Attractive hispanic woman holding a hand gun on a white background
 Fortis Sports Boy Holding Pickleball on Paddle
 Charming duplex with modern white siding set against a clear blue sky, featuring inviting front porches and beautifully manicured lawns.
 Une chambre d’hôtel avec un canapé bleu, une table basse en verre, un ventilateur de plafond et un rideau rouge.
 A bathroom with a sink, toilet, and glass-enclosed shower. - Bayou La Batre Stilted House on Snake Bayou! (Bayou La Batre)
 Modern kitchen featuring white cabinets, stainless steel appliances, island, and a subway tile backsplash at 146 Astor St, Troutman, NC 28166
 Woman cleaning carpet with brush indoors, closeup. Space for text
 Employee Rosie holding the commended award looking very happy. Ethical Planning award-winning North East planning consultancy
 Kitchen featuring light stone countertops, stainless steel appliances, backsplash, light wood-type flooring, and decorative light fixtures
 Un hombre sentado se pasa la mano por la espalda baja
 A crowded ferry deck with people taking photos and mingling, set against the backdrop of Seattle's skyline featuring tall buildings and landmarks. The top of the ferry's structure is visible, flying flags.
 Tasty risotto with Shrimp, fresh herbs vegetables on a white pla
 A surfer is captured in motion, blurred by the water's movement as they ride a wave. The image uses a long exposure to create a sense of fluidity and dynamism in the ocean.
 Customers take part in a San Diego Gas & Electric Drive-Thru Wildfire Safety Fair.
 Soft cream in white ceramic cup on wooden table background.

TASK STATEMENT |
There is a line with "A bathroom with" and a line with "A crowded ferry" above. Copy exactly those two lines and all lines between them, with nothing else.

RESPONSE TO THIS EXERCISE |
 A bathroom with a sink, toilet, and glass-enclosed shower. - Bayou La Batre Stilted House on Snake Bayou! (Bayou La Batre)
 Modern kitchen featuring white cabinets, stainless steel appliances, island, and a subway tile backsplash at 146 Astor St, Troutman, NC 28166
 Woman cleaning carpet with brush indoors, closeup. Space for text
 Employee Rosie holding the commended award looking very happy. Ethical Planning award-winning North East planning consultancy
 Kitchen featuring light stone countertops, stainless steel appliances, backsplash, light wood-type flooring, and decorative light fixtures
 Un hombre sentado se pasa la mano por la espalda baja
 A crowded ferry deck with people taking photos and mingling, set against the backdrop of Seattle's skyline featuring tall buildings and landmarks. The top of the ferry's structure is visible, flying flags.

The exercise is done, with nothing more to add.